² Bonaparte (1769-1821) gilt als militärisches Genie und soll mehr Schlachten geführt haben als Karl der Große, Hannibal und Cäsar zusammen.

³ Sunzi (um 544 v. Chr. – 496 v. Chr.) philosophierte „Über die Kriegskunst“.

⁴ Clausewitz (1780–1831) befasste sich mit der Theorie „Vom Kriege“.

⁵ Würth (1999). In: Timmerberg, H. (2021). Reinhold Würth. Der Herr der Schrauben. München: Piper. S. 49-50.

⁶  Welch (2007).
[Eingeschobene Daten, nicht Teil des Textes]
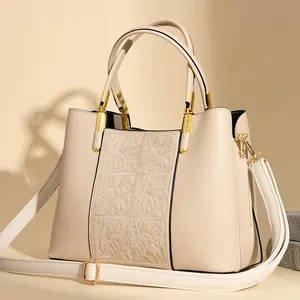 Elegant cream leather handbag with floral embossing and adjustable shoulder strap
Winning – Die Antworten. New York: Campus Verlag.

⁷ Vgl. Rubenstein, D.M. (2020). How to lead. Wisdom from the World’s greatest CEOs, Founders, and Game Changers. New York: Simon & Schuster, S. 178.

⁸ Vgl. Iger, R. (2019). The ride of a lifetime. Lessons learned from 15 Years as CEO of the Walt Disney Company. Random House: New York, S. 101-102.

⁹ Vgl. Nadella, S. (2021). Hit refresh. Wie Microsoft sich neu erfunden hat und die Zukunft verändert. Plassen: Kulmbach, S. 128.